**AIM OF THE TASK:** Copy exactly the lines of the material below that run from the one containing "Leather Case Stands" through the one containing "Dog Bed with". Copy no other lines.

**RECORD SET:**
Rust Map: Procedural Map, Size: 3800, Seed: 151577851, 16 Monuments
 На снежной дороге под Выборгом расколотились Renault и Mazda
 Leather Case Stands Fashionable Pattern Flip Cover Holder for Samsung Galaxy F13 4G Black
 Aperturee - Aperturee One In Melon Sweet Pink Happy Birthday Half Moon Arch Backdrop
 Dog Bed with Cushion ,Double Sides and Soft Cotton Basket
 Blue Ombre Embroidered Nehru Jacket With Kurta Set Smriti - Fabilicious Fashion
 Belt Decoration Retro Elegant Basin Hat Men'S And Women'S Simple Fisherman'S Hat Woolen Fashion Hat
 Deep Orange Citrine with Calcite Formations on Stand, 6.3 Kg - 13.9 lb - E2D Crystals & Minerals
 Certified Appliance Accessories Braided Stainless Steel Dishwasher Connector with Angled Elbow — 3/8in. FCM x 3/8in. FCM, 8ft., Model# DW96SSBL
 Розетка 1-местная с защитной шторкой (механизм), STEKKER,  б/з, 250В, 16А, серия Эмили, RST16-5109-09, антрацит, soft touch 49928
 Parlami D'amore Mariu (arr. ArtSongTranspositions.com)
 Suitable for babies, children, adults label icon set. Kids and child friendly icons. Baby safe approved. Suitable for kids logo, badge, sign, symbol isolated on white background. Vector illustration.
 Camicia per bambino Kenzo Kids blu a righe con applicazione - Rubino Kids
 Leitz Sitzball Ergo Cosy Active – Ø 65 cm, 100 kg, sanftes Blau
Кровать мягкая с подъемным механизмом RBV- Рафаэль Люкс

**ANSWER BOX:**
 Leather Case Stands Fashionable Pattern Flip Cover Holder for Samsung Galaxy F13 4G Black
 Aperturee - Aperturee One In Melon Sweet Pink Happy Birthday Half Moon Arch Backdrop
 Dog Bed with Cushion ,Double Sides and Soft Cotton Basket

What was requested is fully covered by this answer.